Now look at the harmonic progression by which Bach’s cascade covers this same, tiny tonal distance:

Mark Twain once watched an ant traverse proximate points in the dirt via a round trip to the top of a dandelion (a transit he compared to “traveling from London to Paris by way of Strasbourg steeple”). This ant has nothing on the indirection in Bach’s cascade. The initial modulation from A major to the remote key of G-sharp major hits the Kyrie’s prevailingly calm tonality like an impossibly powerful gust; from a position just off the piece’s home port of F-sharp minor, we find ourselves instantaneously blown far out to sea. But as in the previous two cascades, a chain of dominant-to-tonic progressions ensues, serving now as a series of tonal tacks that bear us indirectly but steadily home:

The passage we’ve been considering is, of course, my abovementioned nominee for Bach’s greatest moment.
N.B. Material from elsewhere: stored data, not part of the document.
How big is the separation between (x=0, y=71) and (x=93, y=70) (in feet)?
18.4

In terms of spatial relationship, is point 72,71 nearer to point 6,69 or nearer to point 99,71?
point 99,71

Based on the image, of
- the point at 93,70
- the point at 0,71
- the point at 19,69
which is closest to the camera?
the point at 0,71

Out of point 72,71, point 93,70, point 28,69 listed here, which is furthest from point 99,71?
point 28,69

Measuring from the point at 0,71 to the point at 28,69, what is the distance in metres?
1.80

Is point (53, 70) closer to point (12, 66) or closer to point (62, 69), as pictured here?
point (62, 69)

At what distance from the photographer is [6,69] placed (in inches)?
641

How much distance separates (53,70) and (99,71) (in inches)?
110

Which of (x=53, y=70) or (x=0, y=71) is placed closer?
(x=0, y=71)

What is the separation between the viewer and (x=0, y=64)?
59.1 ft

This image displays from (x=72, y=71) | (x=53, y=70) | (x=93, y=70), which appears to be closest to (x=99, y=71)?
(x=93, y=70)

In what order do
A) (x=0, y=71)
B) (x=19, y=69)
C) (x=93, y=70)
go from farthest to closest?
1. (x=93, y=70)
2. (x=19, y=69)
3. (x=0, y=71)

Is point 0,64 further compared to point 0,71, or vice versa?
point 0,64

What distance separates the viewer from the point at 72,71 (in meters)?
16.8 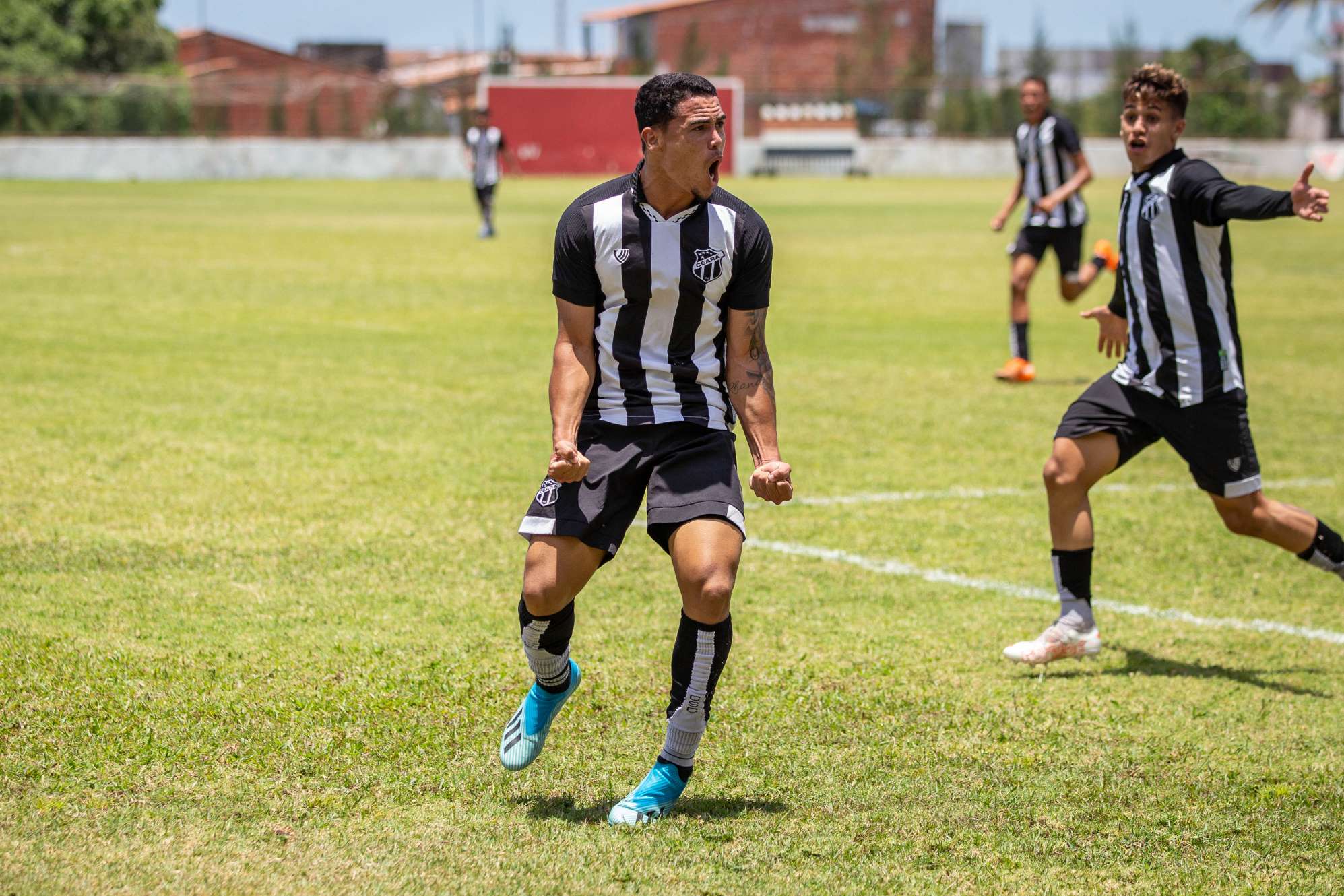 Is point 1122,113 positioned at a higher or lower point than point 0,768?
higher

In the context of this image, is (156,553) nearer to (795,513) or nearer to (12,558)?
(12,558)

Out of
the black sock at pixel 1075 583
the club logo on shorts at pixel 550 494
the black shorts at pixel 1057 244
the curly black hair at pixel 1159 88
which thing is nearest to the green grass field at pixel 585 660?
the black sock at pixel 1075 583

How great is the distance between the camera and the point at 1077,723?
5398mm

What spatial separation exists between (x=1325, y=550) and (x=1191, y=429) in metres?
0.81

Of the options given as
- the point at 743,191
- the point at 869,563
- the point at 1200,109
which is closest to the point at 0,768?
the point at 869,563

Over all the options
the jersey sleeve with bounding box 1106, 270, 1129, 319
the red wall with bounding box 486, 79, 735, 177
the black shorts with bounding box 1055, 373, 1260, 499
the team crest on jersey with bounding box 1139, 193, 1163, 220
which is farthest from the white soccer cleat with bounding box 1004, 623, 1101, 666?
the red wall with bounding box 486, 79, 735, 177

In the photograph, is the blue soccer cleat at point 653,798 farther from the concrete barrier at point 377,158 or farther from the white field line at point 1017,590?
the concrete barrier at point 377,158

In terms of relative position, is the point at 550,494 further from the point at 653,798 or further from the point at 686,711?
the point at 653,798

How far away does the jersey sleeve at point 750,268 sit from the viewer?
179 inches

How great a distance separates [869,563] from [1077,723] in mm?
2123

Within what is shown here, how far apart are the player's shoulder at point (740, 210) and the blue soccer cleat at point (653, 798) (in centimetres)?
159

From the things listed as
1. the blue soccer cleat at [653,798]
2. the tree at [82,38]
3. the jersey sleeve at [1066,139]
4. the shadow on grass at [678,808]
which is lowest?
the shadow on grass at [678,808]

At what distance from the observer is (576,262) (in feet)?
14.8

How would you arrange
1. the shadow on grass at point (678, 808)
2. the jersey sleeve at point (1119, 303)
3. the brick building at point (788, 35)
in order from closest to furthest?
the shadow on grass at point (678, 808) → the jersey sleeve at point (1119, 303) → the brick building at point (788, 35) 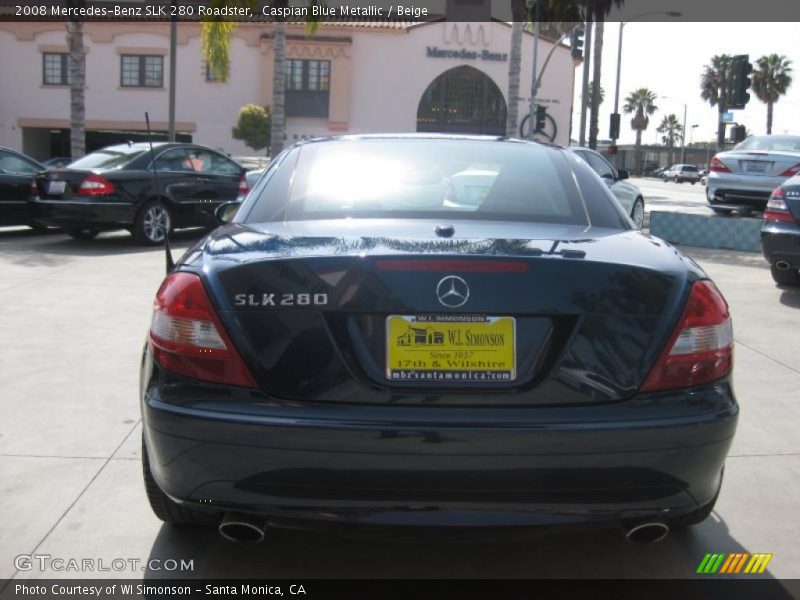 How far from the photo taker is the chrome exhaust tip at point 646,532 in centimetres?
270

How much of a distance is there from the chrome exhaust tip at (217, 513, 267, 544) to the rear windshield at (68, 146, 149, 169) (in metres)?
10.5

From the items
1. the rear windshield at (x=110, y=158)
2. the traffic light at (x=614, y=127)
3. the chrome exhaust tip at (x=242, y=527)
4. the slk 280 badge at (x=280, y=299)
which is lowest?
the chrome exhaust tip at (x=242, y=527)

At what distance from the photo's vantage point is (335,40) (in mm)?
44406

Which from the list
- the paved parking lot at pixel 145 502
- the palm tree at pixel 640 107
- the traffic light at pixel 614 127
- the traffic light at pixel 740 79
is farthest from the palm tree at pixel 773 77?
the paved parking lot at pixel 145 502

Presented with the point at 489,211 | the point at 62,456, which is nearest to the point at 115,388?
the point at 62,456

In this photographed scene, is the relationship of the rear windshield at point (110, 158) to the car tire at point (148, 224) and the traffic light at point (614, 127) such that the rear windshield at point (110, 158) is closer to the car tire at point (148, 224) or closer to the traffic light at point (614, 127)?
Result: the car tire at point (148, 224)

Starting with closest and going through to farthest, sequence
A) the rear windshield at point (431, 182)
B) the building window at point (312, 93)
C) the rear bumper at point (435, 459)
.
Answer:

What makes it stand out for me is the sheer number of interrelated ways in which it so brilliantly works. There’s the cascade’s assumption of its optimal “waterfalls” form, the unparalleled height from which the cascade descends, the enormous (and syncopated) leap by which this height is attained, the inspired fusion of cascade motive and diminished third, the use of this fusion to power the stunning modulation from A major to G-sharp major, the structural stunningness of this modulation (given the proximity of A major to the Kyrie’s home key of F-sharp minor), and the use of the cadence-chain borrowed from the previous two cascades to tack tonally home in this one (a “navigational” adaptation as creatively inspired, in its way, as the fusion of diminished third and cascade motive). To consider so happy a confluence of so many elements is to wonder how it could ever have been brought about. Not that, as a statistical matter, the world won’t occasionally toss up instances of order so multifarious as to seem miraculous. But the tone-teeming world called Bach produced such seeming miracles on a considerably more regular basis.